UK GDP data revealed that the British economy remained stagnant during the third quarter of 2023. The British economy expanded by 0.3% in the first quarter of the year and 0.2% in the second quarter. Economic growth is slowing down in the UK and the country is on the brink of recession.

A combination of a struggling economy and high inflation is making the BOE’s task more difficult. Further tightening is needed to bring inflation down at the risk of tipping the British economy into recession. 

GBPUSD 1hr chart



The Yen rallied on Thursday and USD/JPY dropped to the 150.2 level. The Fed’s hawkish policy seems to be gradually coming to an end, relieving some of the pressure on the Yen, which has been weakened by the BOJ’s dovish policy.

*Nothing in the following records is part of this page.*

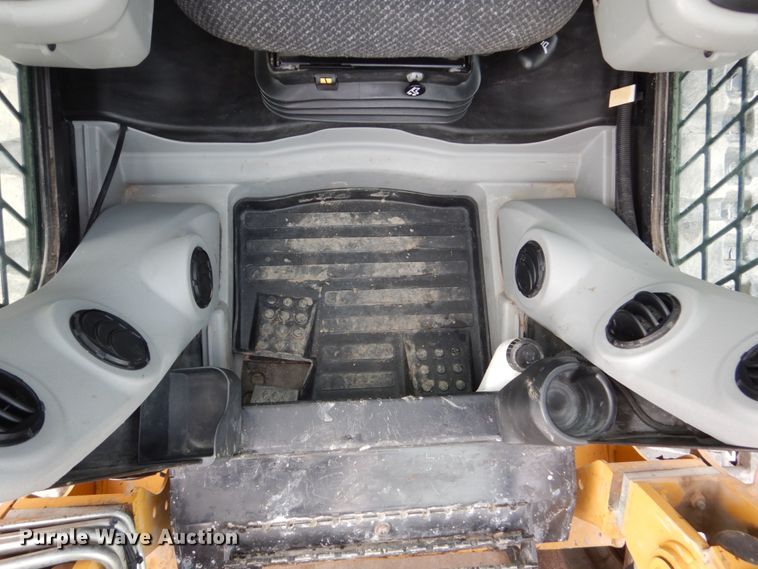 image for item FU9139 2012 Caterpillar 289C2 skid steer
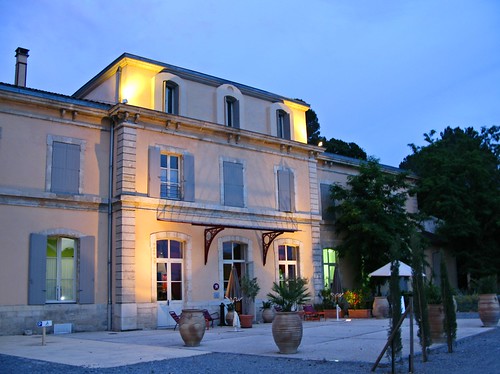 Sommières: hotel at dusk | by green voyage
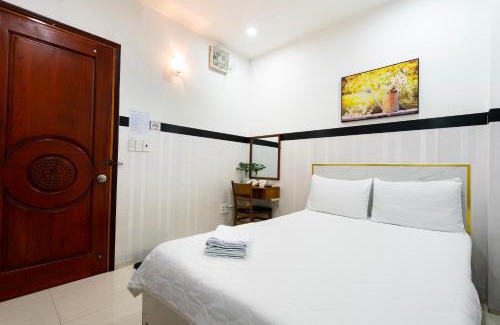 District 11 Hotel | Lam Sơn Hotel 3 Tháng 2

 If the USD/JPY pair declines, it may find support near 148.8. If the pair climbs, it may find resistance at 152.

Preliminary GDP data on Wednesday showed that Japan's economy contracted in the third quarter of the year. The world's third-largest economy contracted by 0.5% in the third quarter against estimates of a 0.1% contraction. The Japanese economy expanded by 1.2% in the second quarter of 2023, showing that the country’s economy is shrinking and is on the brink of recession. Preliminary GDP Price Index showed a 5.1% annual expansion in Q2, versus 3.5% the previous quarter. This is a measure of inflation, which shows that inflationary pressures are rising in Japan, increasing the odds of a hawkish shift in the BOJ’s policy. 

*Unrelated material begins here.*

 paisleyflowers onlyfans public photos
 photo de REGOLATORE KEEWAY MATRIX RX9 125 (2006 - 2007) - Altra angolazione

The BOJ has so far maintained its dovish bias, putting more pressure on the Yen as other major central banks, and especially the Fed, have raised interest rates to high levels. Japanese authorities have been repeatedly warning speculators against excessive short selling of the Yen and have stepped in several times in the past year to provide support for the Yen. 

The BOJ maintained its short-term interest rate target steady at -0.10% and that for the 10-year government bond yield around 0% set under its yield curve control, but redefined the 1.0% limit as a less restrictive ceiling rather than a rigid cap. Even though the BOJ tweaked its yield curve control policy slightly, markets were expecting a bigger shift in policy, and the Yen plummeted after the interest rate announcement. 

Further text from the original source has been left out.